When we transmute and transform our pain, 

when we let it change us, 

we let the sun shine again.

A quote to leave with you...

"I am not afraid of dying because I see myself in...you. You have come to learn with me and there is a lot of me within you. I am giving myself to you. If you have received some understanding, some compassion, and some awakening from me then I am continued in you. Later on, if someone wants to look for me, they just come to you and they see me". Thich Nhat Hanh


Wednesday, July 9, 2014

The power of vintage arts for raising your vibrations




Here's what my evenings have been looking like lately, once our girls are safely tucked up in bed.

A bit of chocolate, some peppermint tea, a good number of stitches on my needles and I'm a happy mama.

There's something so comforting about knitting, particularly in our colder months - the warmth of the wool, the brightness of the colours in our sometimes drab weather and the sheer meditative simplicity of one stitch after another. Something we can all benefit from, am I right?

This is the Milo vest, which I first discovered through Soulemama and have knitted several times before. This time for a fast growing Bethany in orange, claret and turquoise stripes.

As I write I'm sitting here enjoying the quiet of late eveningtime with the welcome company of my unencumbered thoughts and the rhythm of my knitting. 

It's blissful and creative. A joyful vintage meditation. And I think it's something we all aspire to. Handmade fun. Sleek simplicity. Transformed goodness.

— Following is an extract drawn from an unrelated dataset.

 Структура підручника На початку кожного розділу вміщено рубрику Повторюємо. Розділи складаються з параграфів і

You don't need expensive self-help books or years of lengthy self-analysis or even time to formally meditate each day to feel calm and grounded - sometimes you just need to get back to basics, like they did in the past naturally. A bit of knitting each day, some hand stitching, a homemade birthday card or tightening up the waistband on those too-big pants for your daughter - all are grounding, creative and simple in their intent. 

This is what we need. This is what transforms us organically. One stitch at a time.

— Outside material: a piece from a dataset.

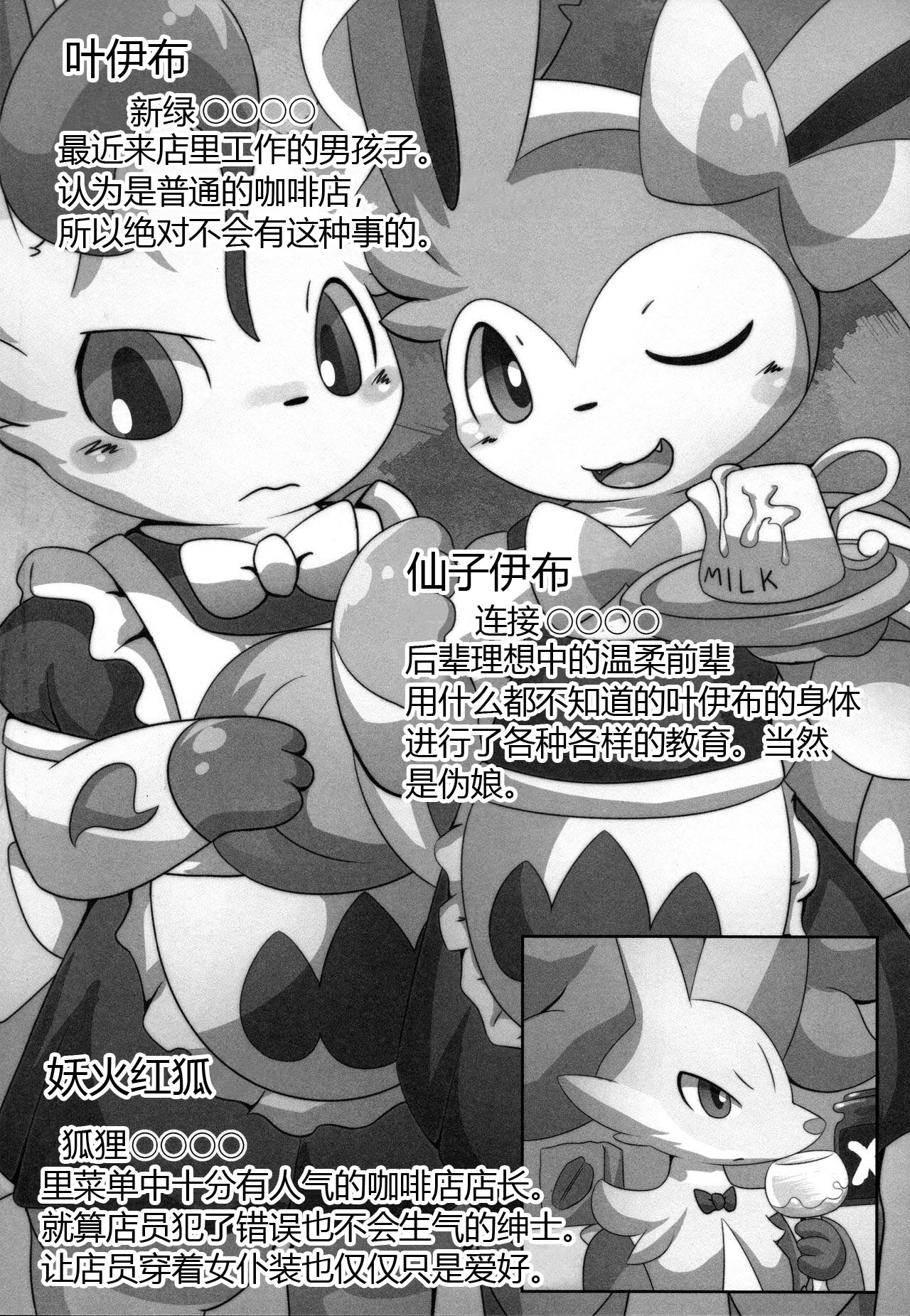 Le Secret Cafe | 秘密 咖啡厅 page 5 full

So get into it Mamas, and manifest that simplicity you desire through good, old-fashioned handcrafts. My best wishes for simple days to you with love. Xx

Tuesday, July 8, 2014

Wide open wings



Nan passed away this week.

Such a kind and loving soul, she is one of the most pivotal people in my life. 

She taught me unconditional love through her actions, she protected me right up to her physical end and she and I made the most wonderful memories together.

I miss her strong hugs, her graceful smile and her boundless love for me.

I'm cracked open. Raw. Fragile. And I need care today as I grieve and heal.

I have a wound where I was holding on tight to Nan, and now she's gone it's raw and exposed.

But I want to air it out. I want to let my wound breathe and heal and form a scar. And in doing so remind me of that precious grandmotherly love, so that I may soar in this world with wide open wings.

For Nan and I.

Thursday, July 3, 2014

Forget habits, build rituals



Habits are so yesterday. Rituals are the new present.

I've been pondering on this lately because it seems that rituals are becoming a new buzzword - in the self-help field at least - but more and more in broader media circles. It might just be me that feels this, but either way it's a hot topic I'd love to start a juicy conversation with you right now.

So what's the deal? How are they different?

Glad you asked. Here's what I think...

Habits can be consciously built, but are mind-numbing once in place - we forget about them and they just happen, unexamined. They stem, it feels to me, from an ego-centred mindset, where behaviours and choices are placed on automatic pilot, left there to be the same forever - safe and predictable.

Rituals are so much more about love and intention and presence. They begin with intention and flow on throughout your day. Essentially, they're a mindful mama's best friend.

Just a short post for you today my friends. Enjoy these colder, inner times by building in some rituals to anchor your days to the divine.